SE-0265: Offset-Based Access to Indices, Elements, and Slices

Tino · October 13, 2019, 1:15pm

That would be very convenient, but actually this proposal really does not pair well with such a hypothetical future:
Your feature can't be built on top of SE-0265, but would rather be a second way to achieve the same (and more). Both could possibly exist at the same time, but that redundancy wouldn't be nice.

How would you resolve the ambiguity of myArray[.startIndex] when there are two possible interpretations?

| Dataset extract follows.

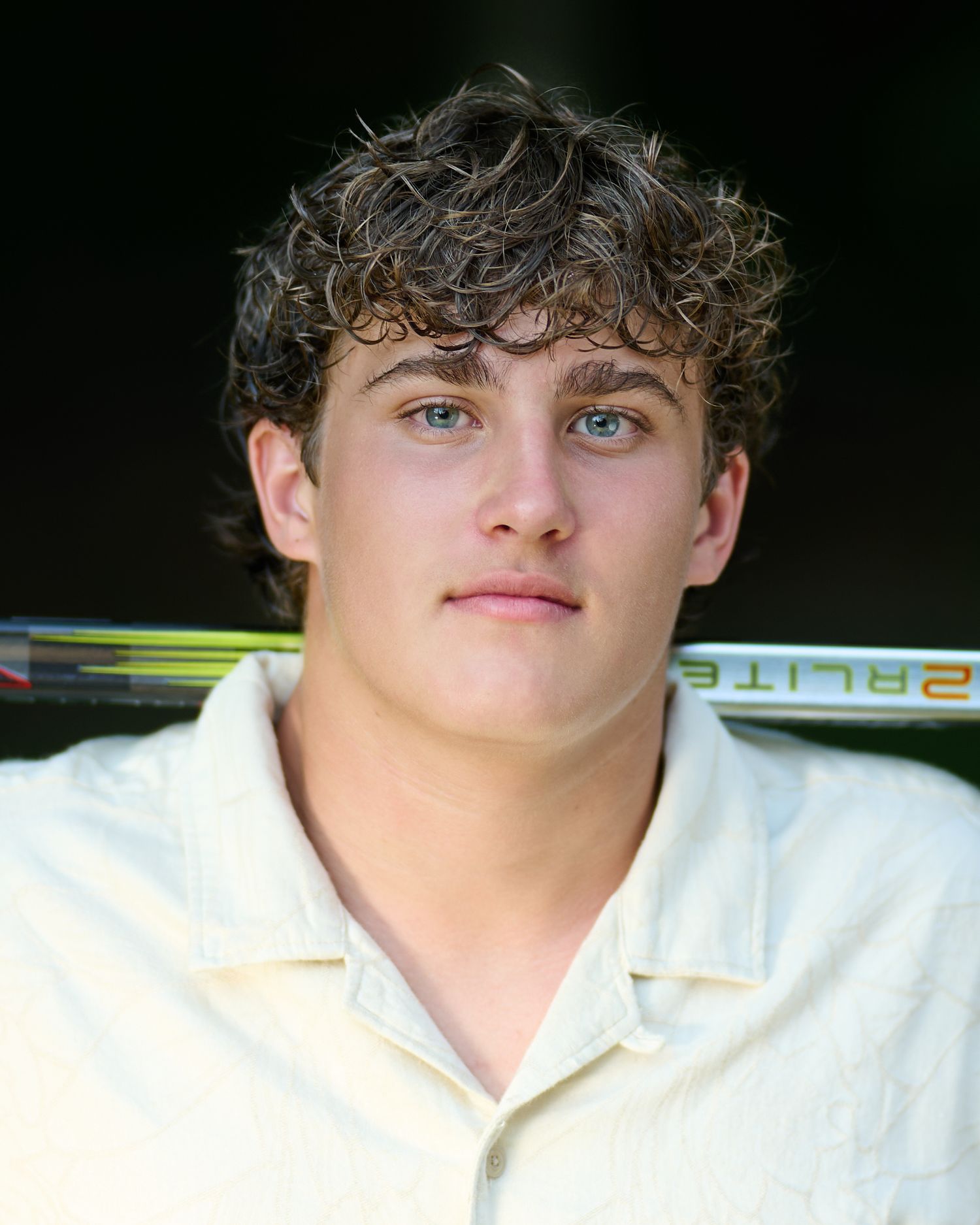 A person in a white shirt with curly dark hair photographed from different angles against a dark background.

jrose · October 14, 2019, 5:52pm

Okay, people keep bringing this up, but I don't understand it. Why can't a search be built on top of SE-0265? OffsetBounds get converted to indexes before any access happens, and that conversion can basically do whatever the heck it wants. And OffsetBound is an opaque struct, so its representation can change from release to release.

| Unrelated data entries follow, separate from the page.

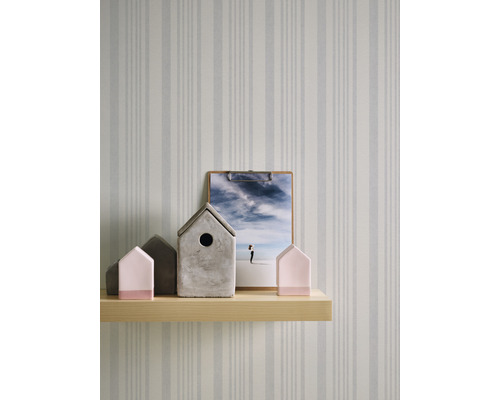 Dekorative Häuser und ein Klemmbrett auf einem Holzregal vor einer gestreiften Tapete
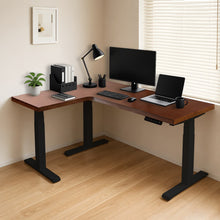 Load image into Gallery viewer, Walnut-finish L-shaped standing desk with black steel legs, shown with monitor, laptop and desk lamp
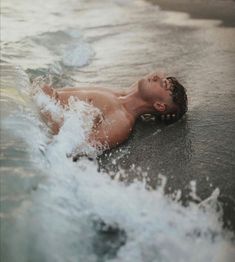 a shirtless man swimming in the ocean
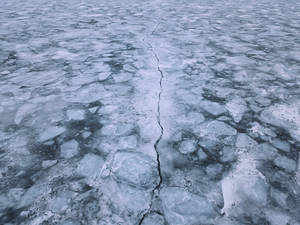 Aerial View Of Cracked Ice Lake Wallpaper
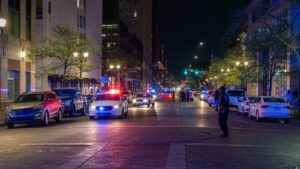 A police officer standing on the side of a street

…okay, the place where it falls down is Comparable, but still.

kansaichris · October 16, 2019, 1:09am

When you say that Comparable is the place where it falls down, do you mean that syntax like the following wouldn't be possible?

var students = ["Ben", "Ivy", "Jordell", "Maxime"]

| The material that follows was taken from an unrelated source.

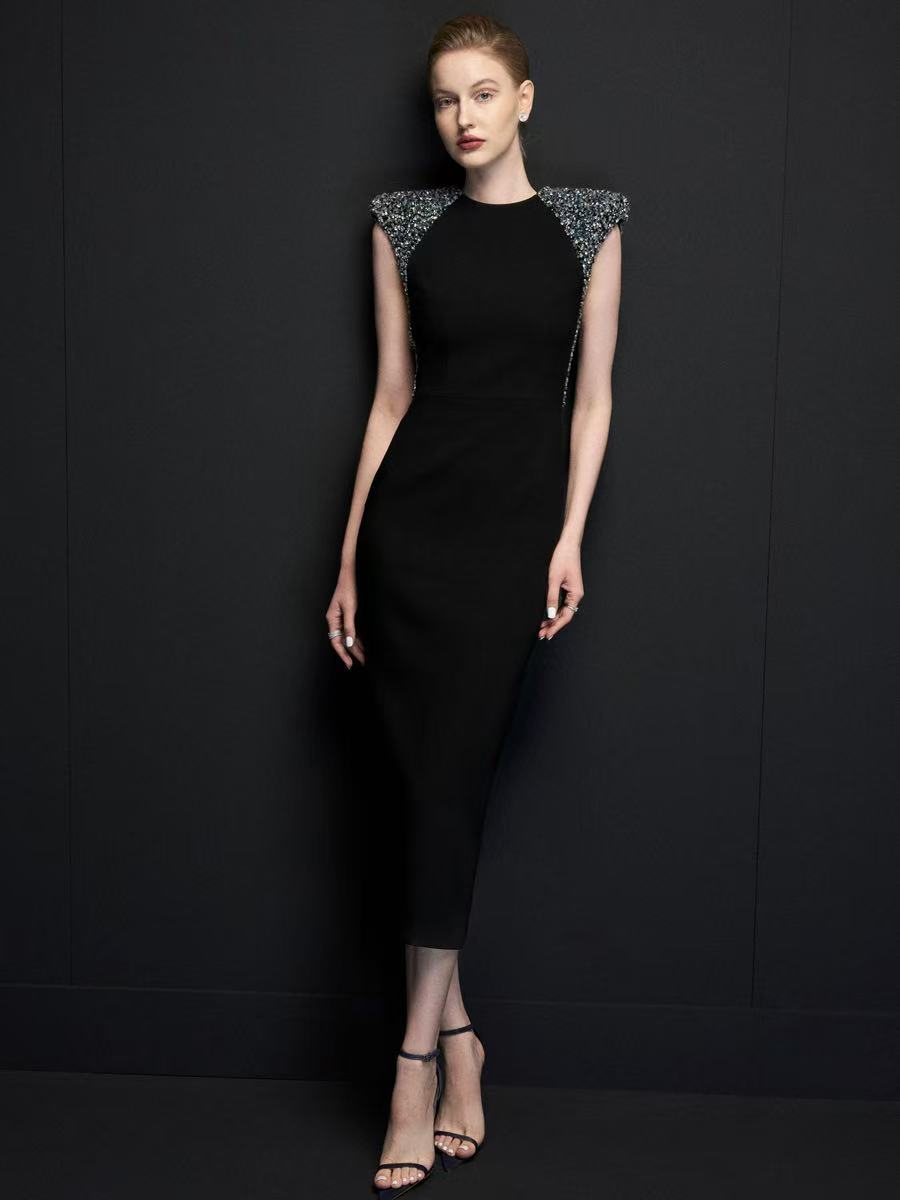 Black fashionable evening dress with shoulder pads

students[.find("Ivy") ..< .find("Maxime")] // ["Ivy, "Jordell"]

jrose · October 16, 2019, 1:21am

I mostly meant there's no way to implement Comparable for a find case. Even if you arbitrarily stuck it between the first and last cases, you wouldn't have a way to order two find cases if the element of the collection isn't itself Comparable.

…and I realized that this may answer my question of why OffsetBound can't be extended in this way: it's not parameterized on the collection element type.

Tino · October 16, 2019, 10:34am

So the feature isn't possible as an extension of SE-0265, is it?
To be honest, I have more been thinking in terms of implementation details when I wrote about incompatibility with future extensions - but you are probably right that this doesn't matter here, and even if the implementation is replaced completely, this could be fine as long as the public interface stays the same... I'm really not sure if there aren't any pitfalls besides Comparable (like, could OffsetIndex become a protocol or a class?)

As I understand it, the order does not depend on any type properties, but rather on the Collection the OffsetIndex is actually used with - so therefore, it cannot conform to Comparable:
In let a = [3, 2, 1], indexing with a[.find(3) ..< .find(1)] should be fine - but without a, there is no natural order which makes sense to me.

xedin · October 16, 2019, 8:08pm

Yes, it would. The problem with adding new operator overloads we currently face is related to impact they'd make on other expressions using overloaded operator. SIMD operators do impact expressions which have nothing to do with SIMD rather than use of operators like +. We are trying our best to come up with a solution for this problem which would allow most of the code to type-check in reasonable type but in certain circumstances type-checker would still end up attempting every single overload choice. I do agree with you that designing something around limitations of the type-checker is not going to yield most desirable results, but in reality it might be the best we can right now to balance benefit vs. impact.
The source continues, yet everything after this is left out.